Simple coordinates?

EDIT: first off I should say this is after watching ep 32, so maybe this has already changed in the next couple of videos. ENDEDIT.

Seems like you're spending an awful lot of effort detecting the when a tile-relative coordinate leaves the tiles and "recanonicalizing" etc. and this is all caused by choosing to store your positions in a "decomposed" form which means you basically have to re-implement your own weirdo-radix math routines (e.g. handle the "carry bit" when you move something out of a tile etc.). I'd suggest storing things in a robust "raw" form and then doing the decomposition when needed. This removes the edges cases from the common case.

It would be much easier to just use two 64 bit ints for x/y, and define 1 in this unit to be 1/1024 of the tile size (or something.. enough to give you sub-pixel positioning).
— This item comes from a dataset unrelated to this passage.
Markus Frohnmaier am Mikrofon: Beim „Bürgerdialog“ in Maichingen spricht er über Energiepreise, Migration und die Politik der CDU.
All the actual logic happens in "world units", and you don't have to handle any special cases anywhere. If you want to move the player you just add some world units to its location and there are no edge cases.

The "former edge cases" are automatically handled when the code that needs to know e.g. the tilemap coordinates does the modulo etc., but the difference is that this code is exceedingly trivial to write/read/understand. E.g. to get the tile coordinates just shift down 10 bits, to get the tile-relative offset mask out the lower 10 bits (and maybe scale it into SI units and use floats...), and more importantly it's no longer an "edge case" it's just the normal code you run all the time.

Edited by Sebastian on
Not being very experienced on the topic, I think the reason we don't do this is that emulating 64-bit operations on 32-bit CPUs is quite expensive. I don't really want to guess how much more expensive, but I would think probably an order of magnitude more CPU operations at least.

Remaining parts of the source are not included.